=== Begin Enclosure ===

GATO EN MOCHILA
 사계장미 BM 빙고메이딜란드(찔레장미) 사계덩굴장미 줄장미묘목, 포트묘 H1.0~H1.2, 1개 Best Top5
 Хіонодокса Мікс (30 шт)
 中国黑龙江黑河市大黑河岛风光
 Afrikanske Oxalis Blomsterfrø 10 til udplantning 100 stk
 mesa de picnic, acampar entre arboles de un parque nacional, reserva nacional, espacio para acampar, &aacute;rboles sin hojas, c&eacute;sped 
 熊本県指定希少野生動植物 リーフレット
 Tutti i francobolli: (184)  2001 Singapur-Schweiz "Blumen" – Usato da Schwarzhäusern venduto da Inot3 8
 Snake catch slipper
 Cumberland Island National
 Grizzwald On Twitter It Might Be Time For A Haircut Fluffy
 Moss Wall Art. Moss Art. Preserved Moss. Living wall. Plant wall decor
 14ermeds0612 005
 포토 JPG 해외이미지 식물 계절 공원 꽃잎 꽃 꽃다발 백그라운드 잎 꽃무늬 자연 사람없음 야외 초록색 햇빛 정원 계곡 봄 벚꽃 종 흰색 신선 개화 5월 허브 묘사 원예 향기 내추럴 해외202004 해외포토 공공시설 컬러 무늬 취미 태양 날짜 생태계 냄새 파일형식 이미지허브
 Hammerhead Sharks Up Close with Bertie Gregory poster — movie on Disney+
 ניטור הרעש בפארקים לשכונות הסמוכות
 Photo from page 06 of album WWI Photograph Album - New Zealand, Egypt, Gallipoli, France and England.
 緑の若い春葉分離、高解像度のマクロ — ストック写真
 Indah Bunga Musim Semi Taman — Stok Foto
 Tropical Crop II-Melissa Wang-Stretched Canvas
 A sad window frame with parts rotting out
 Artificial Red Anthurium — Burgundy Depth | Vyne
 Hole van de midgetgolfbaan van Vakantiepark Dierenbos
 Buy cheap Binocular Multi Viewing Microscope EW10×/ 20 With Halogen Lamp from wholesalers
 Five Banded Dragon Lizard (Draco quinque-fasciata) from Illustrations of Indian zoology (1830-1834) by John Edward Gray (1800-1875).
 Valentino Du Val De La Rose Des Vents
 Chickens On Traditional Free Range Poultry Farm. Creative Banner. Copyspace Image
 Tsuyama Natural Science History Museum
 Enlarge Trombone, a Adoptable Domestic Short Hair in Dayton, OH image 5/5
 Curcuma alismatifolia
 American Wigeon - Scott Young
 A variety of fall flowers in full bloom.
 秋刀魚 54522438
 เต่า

=== End Enclosure ===

WHAT IS BEING ASKED |
Retype only this portion of the data above: the line containing "Tutti i francobolli: (184)", the line containing "Grizzwald On Twitter", and all lines between them, exactly.

WRITTEN ANSWER |
 Tutti i francobolli: (184)  2001 Singapur-Schweiz "Blumen" – Usato da Schwarzhäusern venduto da Inot3 8
 Snake catch slipper
 Cumberland Island National
 Grizzwald On Twitter It Might Be Time For A Haircut Fluffy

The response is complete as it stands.